The main entrance is on a corner, where the lower storeys pull back to ease access into a new passageway that runs past the tower into a public courtyard ringed by five low-rise buildings that are also part of AHMM’s scheme. In the double-height reception area the idea of ‘factory’ is pushed hard, but with wit. Daylight filters in through cast glass. Tables are workshop benches on scissor jacks. Pressed steel Braithwaite water tanks – “a much-loved architectural icon” – form security turnstiles (they also clad the rooftop plant enclosure on the low-rise buildings). Giant drill bits make ornaments, and two pieces of original Prouvé cladding hang on the wall as artworks.
Having used concrete for the structure in part to avoid the need for architectural finishes, great care has been taken over its expression. The smoothness of giant round columns that drop through the foyer is counterpointed by a board-mark-effect to the walls. Anchor holes from the jump-form rig are hidden in floors, but formwork tie-holes are celebrated in an Ando-esque detail.
In the office floors, exposed concrete soffits are integral to the services strategy, as embedded water pipes radiate coolth on warm days. “Our rule of convergence is that everything in the building – structure, services, finishes – must be doing more than one thing”, says Allford.

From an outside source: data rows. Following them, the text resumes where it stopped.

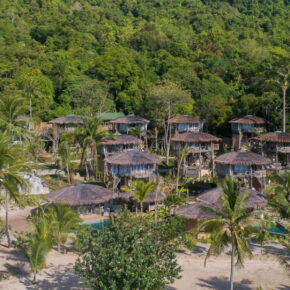 Thailand: 9 Tage Koh Yao Noi in TOP 5* Baumhaus-Villa mit Frühstück, Flug & Transfer um 2379€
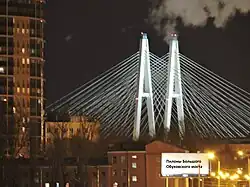 Вечернее освещение пилонов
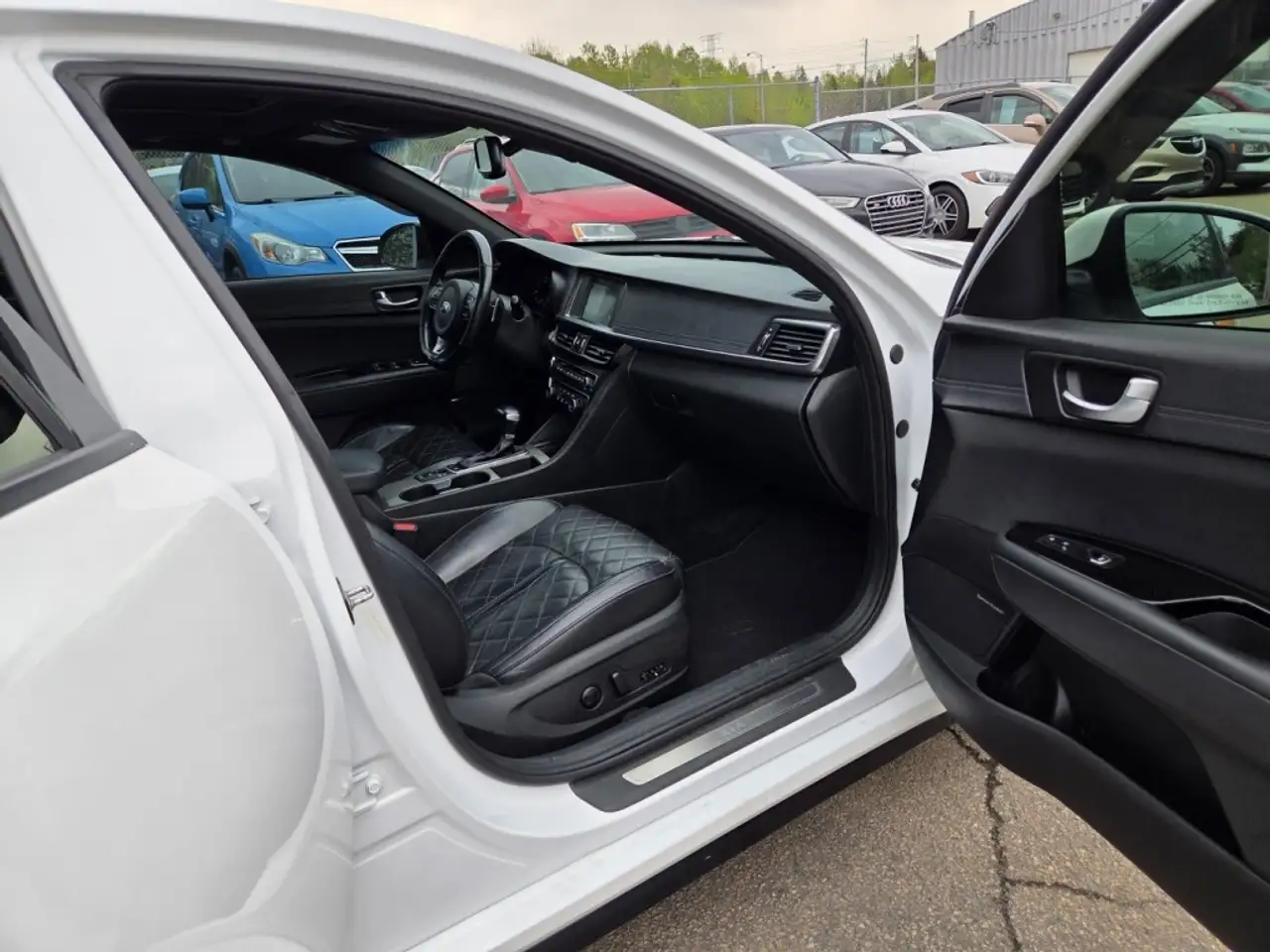 Kia Optima снимка Kia Optima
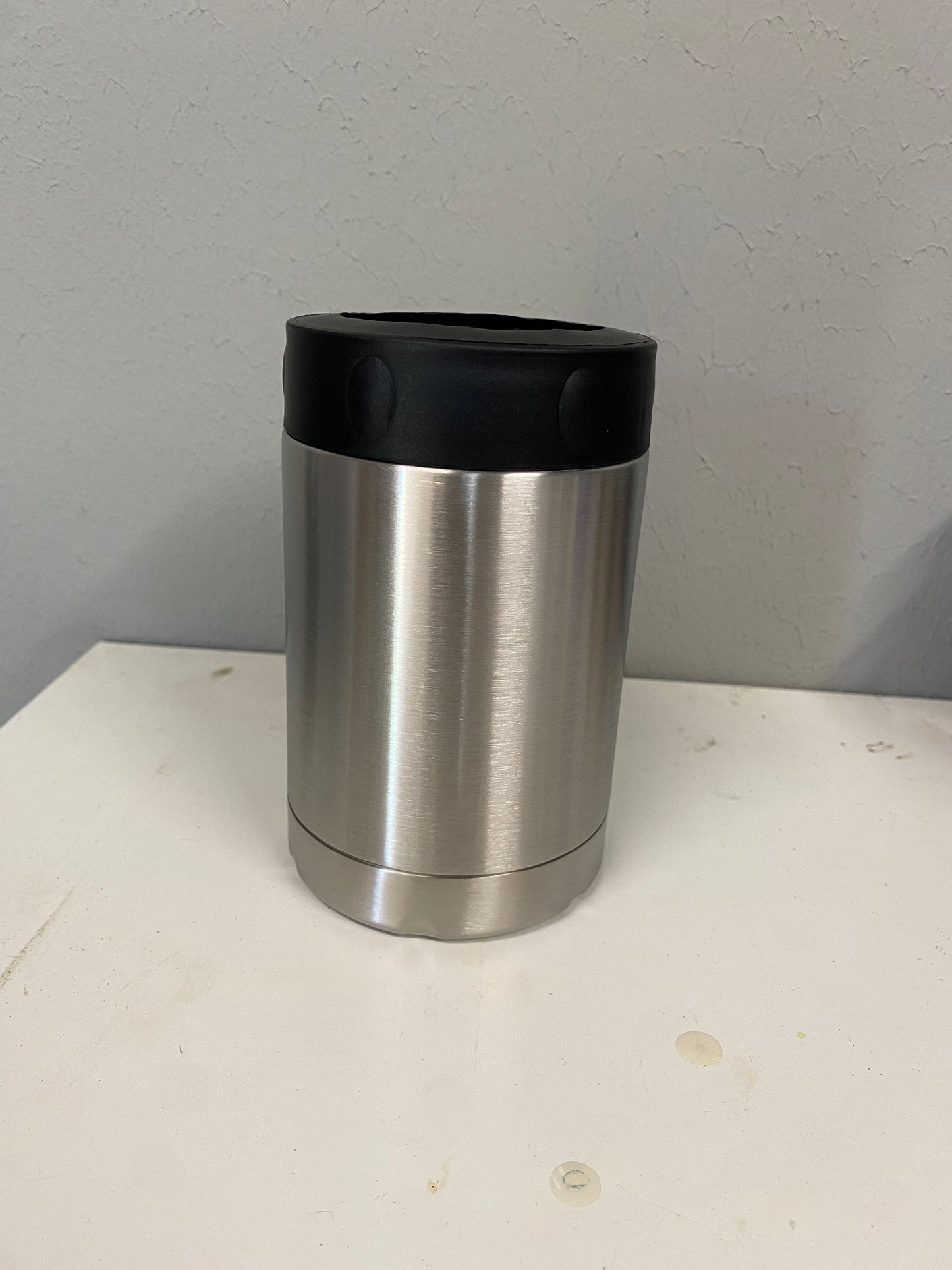 12 oz CUSTOM can cooler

A digital traffic light indicates the best times to open and close windows; when they are opened, mechanical ventilation shuts off. On very hot days, occupants can activate booster cooling, but in general the designers took the view that efforts to keep temperatures within narrow bands at all times results in compromised office space, when in fact some fluctuation is tolerable. In any case, says Allford, high ceilings allow warm air to pool overhead “so we’re not as obsessed about air temperature as you would usually be”. Confidence in the system was boosted by data from a prototype of one floor, on 10-metre stilts, which stood on the site for a year.
The asymmetric plan, kinks in the facades (added to ameliorate the building’s bulk) and twin cores lend spatial dynamism to the office floors, with intriguing perspectives and unfolding sequences of varied views. Porthole windows and the hard-wearing, self-finished materials add to the distinctive but adaptable character.
“These are warehouse offices that people can do what they want with”, says Allford. “The point is that they don’t have to do much”. An equally rugged finish to offices and circulation areas in the low-rise buildings has benefits for tenants who value agility in their organisation of space, and the landlord who can drop dilapidations provisions from the lease, he suggests.
Ph: Rob Parrish
The project’s commitment to ‘convergence’ reaches its apotheosis on the roof, where the perimeter strip required for the building maintenance unit doubles as a running track, where lunchtime joggers get a 360-degree urban panorama through portholes while protected from the wind. A green-roofed cafe with Prouvé-inspired columns is tucked into the plant enclosure. An area for tenants’ additional plant remains unused – a mark of the effectiveness of the building’s services, suggests Allford. Putting it to alternative use might be the first of many creative adaptations in this long-life, loose-fit building.